So basically, all of Mexico starts closing down.
Another interesting phenomenon is that, by law, the 45 percent or so of the Mexican population who have formal employment must receive their Christmas payroll bonus by Dec. 20. This bonus, called an aguinaldo, must be at least two week’s salary. And after that date, the country is happy with people selling and purchasing.
Christmas Day is not the big event in Mexico. The last posada would have taken place the day prior to Christmas Eve, when the last part of the song is changed to “come on in, holy pilgrims, we have a place for you to rest.”
Christmas Eve is the big day in Mexico, with large family suppers planned that easily go into the early morning. To keep the peace, some families participate in two dinners, trekking back and forth between the in-laws’ and the blood family’s celebration.
Some families also now do children’s Christmas presents on Christmas Eve. Families often do a lottery in which names are exchanged for secret-Santa gifts.
Christmas Day, everyone is asleep from the night before. But Christmas Day, which is basically dead, begins another Mexican holiday phenomenon. Since school and universities are closed for an even longer recess, high school and university students in middle-class families are now “released” from family obligations and allowed to travel to beach resorts with friends.
International tourists will already be there, but children from “good” Mexican families do not arrive until the afternoon of Dec. 25.
Then, New Year’s Eve hits, another family supper, followed by government parades the next day. Some families call their children back from the beach.
The country continues to be pretty much closed, as schools still are.
On Jan. 6, the Feast of the Epiphany is the time selected to remember the biblical Magi, also referred to as the Wise Men or Kings. The Three Magi were distinguished
foreigners in the Gospel of Matthew and Christian tradition. They are said to have visited Jesus after his birth, bearing gifts of gold, frankincense and myrrh. The Wise Men were three Middle Eastern kings — Gaspar, Melchor and Balthazar — who felt compelled by God and a new star in the sky to go to Bethlehem and bring gifts to the son of God, who was to be born.
Since the Three Kings brought gifts to Jesus, this is when Mexican families usually give gifts to children. It has become the coveted day for Mexican children to get their Christmas gifts. The whole concept of gift giving on the Dec. 25 is relatively new, and mostly celebrated in middle-class families lucky enough to be able to give gifts twice.
Of course special food marks special celebrations. In Mexico, the Rosca de Reyes is a ring-shaped, colorful, somewhat-sweet cake or bread that is decorated with caramelized or candied fruits. The dough is made from yeast and other traditional ingredients of flour, sugar, eggs and flavored with an orange zest. This seasonal treat is only available in Mexico. A plastic baby Jesus is hidden inside, and the goal is to get a slice where Jesus is not “hidden.”

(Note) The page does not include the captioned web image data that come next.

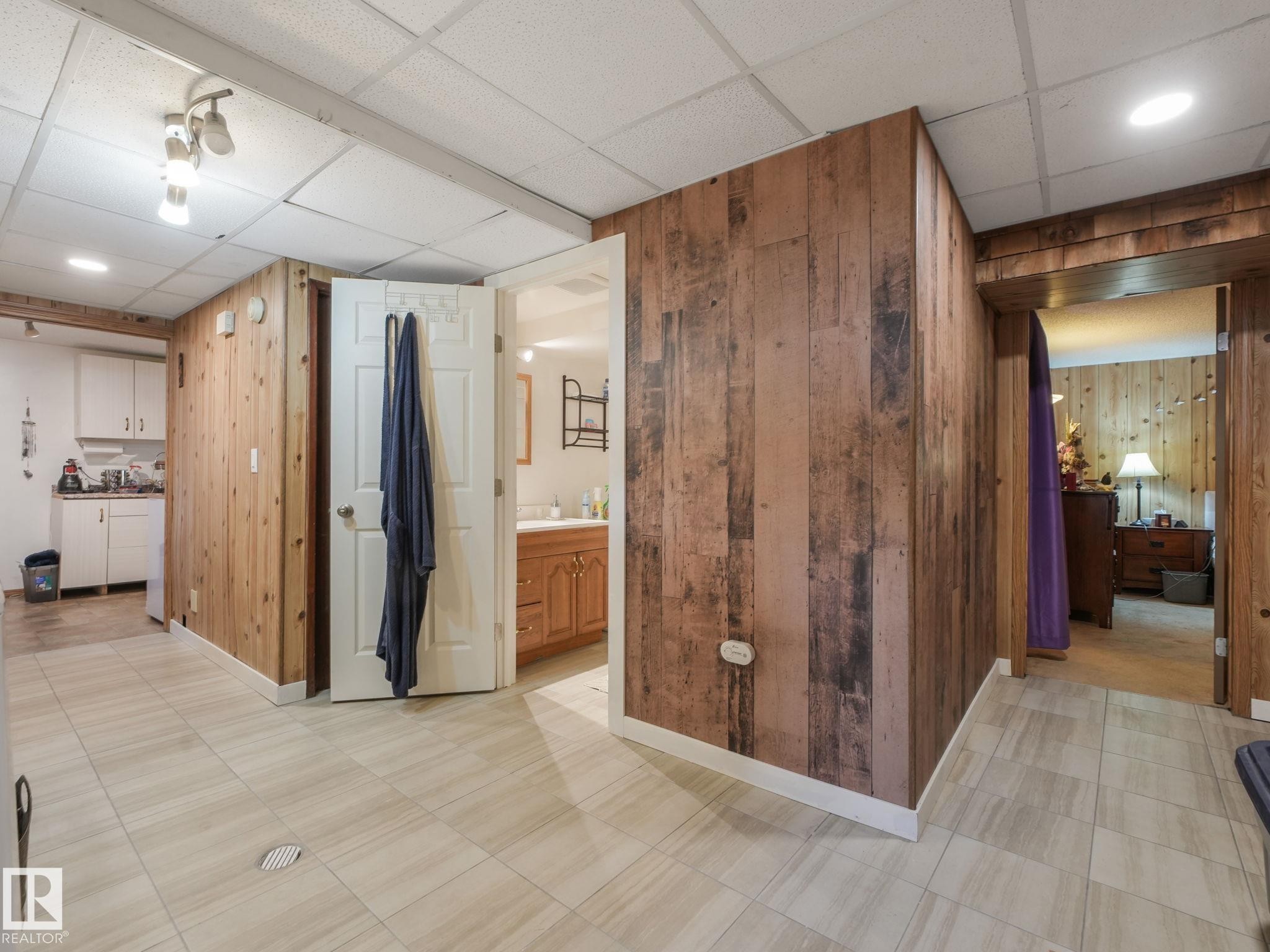 7120 39 Avenue, Edmonton, AB - Indoor Photo Showing Other Room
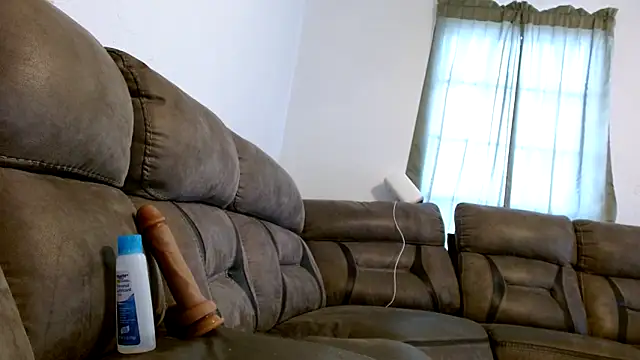 Snapshot of carlithefreak chatting on 01-29-25, 05:45 carlithefreak online show from 01-29-25, 05:45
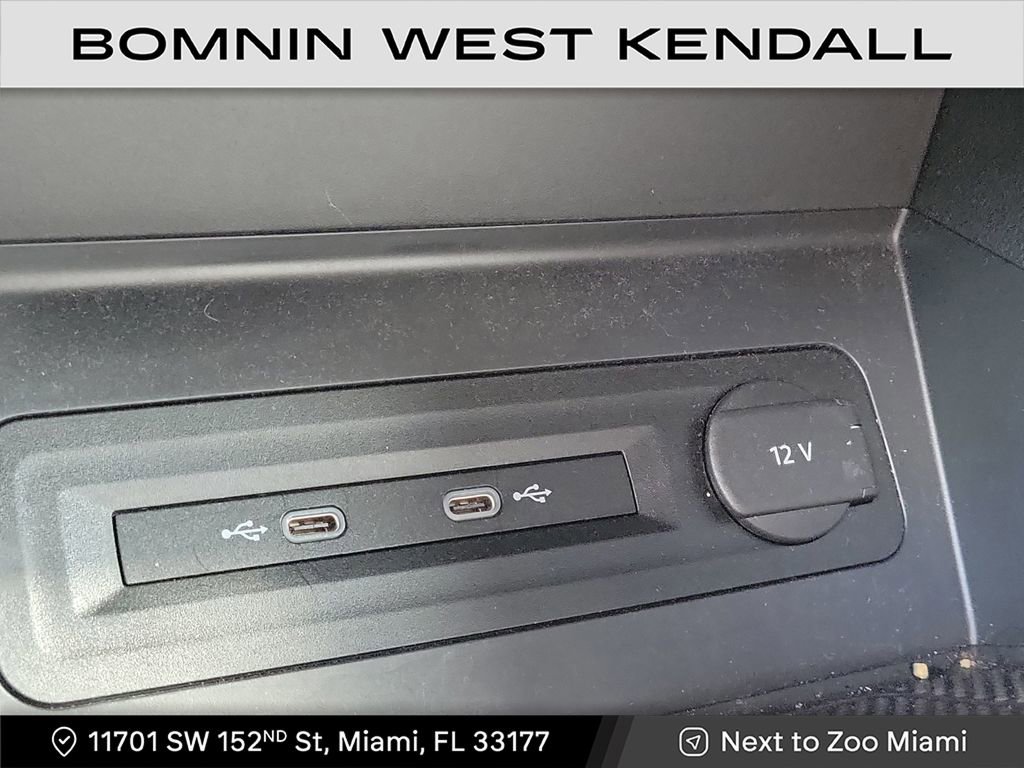 Used 2022 Volkswagen Atlas Cross Sport SEL R-Line image 25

The slicing of this bread is the official end to the season.
But wait … like everything else in Mexico, there is always more. As part of Jewish custom, Jesus was presented in thanksgiving to God in the temple by his parents, Mary and Joseph, celebrated today 40 days after Christmas, on Feb. 2, the Candelaria, since a candle was involved. The custom is that the person who did get the plastic baby Jesus inside their King’s Day bread must bring tamales for everyone to share on Candelaria day.
While this custom is only alive in rural communities, parents still bring their child to church to be “presented” by their parents and godparents when the child is two years old.
How did all these Mexican holiday customs develop? While some elements of Catholic doctrine may still exist, for hundreds of years, communities across the country only had a priest visit once a year, so to keep the faith alive, communities celebrated on their own and these traditions and customs, rooted in Spanish Catholicism, morphed into processions along highways and hiding plastic Jesuses inside cakes.